Notre dame Mardi Denis
Notre-Dame de Paris au lendemain de l'incendie. Le feu éteint, se pose maintenant la question de la reconstruction.
© TV5MONDE/Denis Verloes

Se pose aussi la question du savoir-faire...

On a d'excellents ouvriers en France. Ce qui pourrait manquer aujourd'hui c'est la quantité de bons ouvriers que l'on pourrait mobiliser pendant trente ans, s'il fallait reconstruire une cathédrale entière. 

Mais nous avons les techniques. Nous sommes un pays qui cultive cette excellence. La difficulté sera de mobiliser ces talents. Puis il faut donner le temps, bien faire les choses, ne pas agir dans la précipitation. Mais les experts qui s'occupent de Notre-Dame de Paris font cela très bien.

Les flammes de l'indifférence continuent de consumer les petites églises rurales.

Mathieu Lours, historien

Cet incendie met aussi en avant la question de l'entretien de notre patrimoine...

Cette question se pose de manière assez pregnante.
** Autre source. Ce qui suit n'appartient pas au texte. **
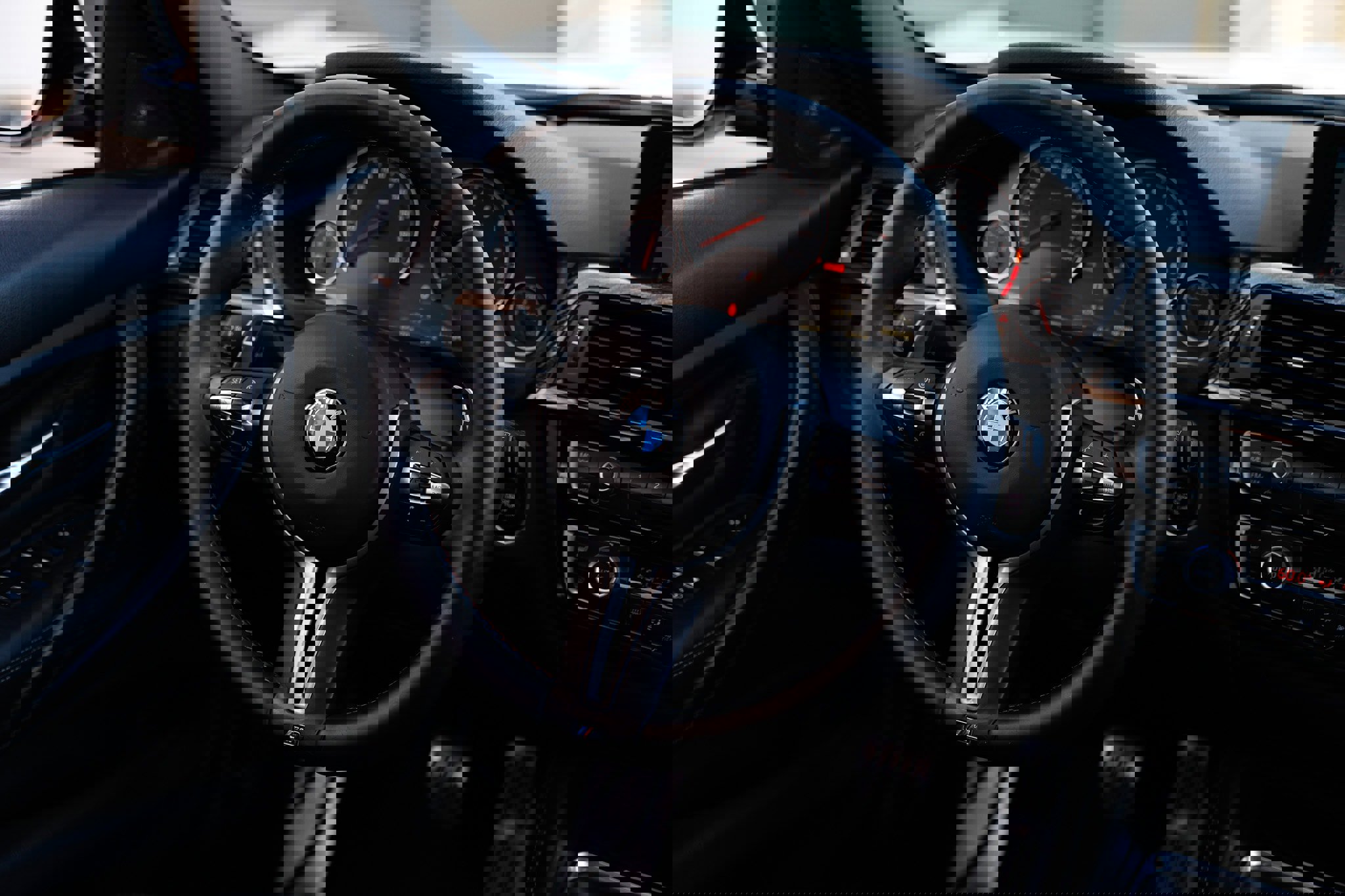 Used 2015 BMW M3 image 37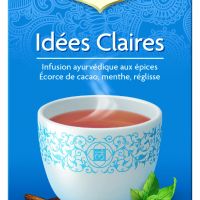 YOGI TEA Idées Claires 17 Infusettes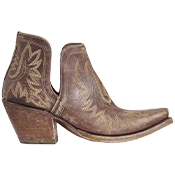 Heeled Cowboy boot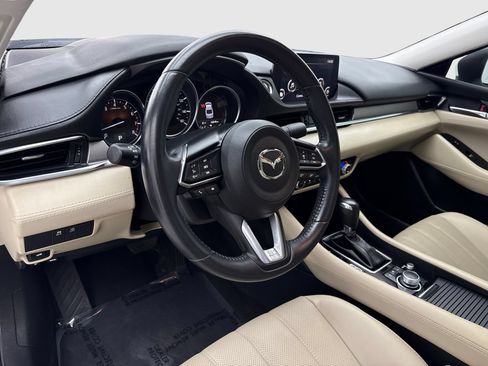 Used 2018 MAZDA MAZDA6 Touring FWD image 18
On le voit avec les lotos du patrimoine. L'Etat fait appel à la générosité du public, mais cela fait partie en principe de ses fonctions régaliennes, donc il doit y avoir une réflexion sur ce point : comment faire pour préserver cet héritage ? 

Notre-Dame de Paris, comme toutes les autres cathédrales, est soumises aux aléas des financements, mais elle n'a pas de mal à attirer du mécénat, étant mondialement connue.

Place à la reconstruction désormais.

En plus des nombreuses promesses de dons (qui ont atteint près d’un milliard d’euros,  ce mercredi 17 avril), de nombreuses cagnottes en ligne ont vu le jour. Le secrétariat général de la conférence des évêques de France (CEF) signale que seul quatre organismes sont aptes à recevoir les dons : la Fondation Notre-Dame,  la Fondation du patrimoine, la Fondation de France, le Centre des monuments nationaux. Attention donc aux cagnottes françaises ou étrangères lancées sur des sites tels que leetchi.com ou lepotcommun.fr.

> A lire aussi : Incendie de Notre-Dame de Paris : intox et contre-vérités

Mais les flammes de l'indifférence continuent de consumer les petites églises rurales fermées. La gestion doit être globale, on ne peut pas attendre le drame sur un édifice emblématique pour gérer la question du patrimoine religieux et de sa pérennité à toutes les échelles. Il faut que les citoyens se saisissent de ce drame pour se dire "voilà ce que l'on veut faire pour préserver notre patrimoine". Ce patrimoine est religieux mais appartient à la Nation. 

Depuis 1791, les biens d'Eglise ont été attribués aux municipalités ou à l'Etat. Seuls ceux construits depuis 1905 (année de la séparation de l'Eglise et de l'Etat, NDLR) appartiennent à l'Eglise en tant qu'institution. 

L'Eglise appartient à tous et sert à tous. Par sa beauté et par ce dont elle témoigne de l'art des siècles passés. Et cela c'est constitutif de l'idée de Nation.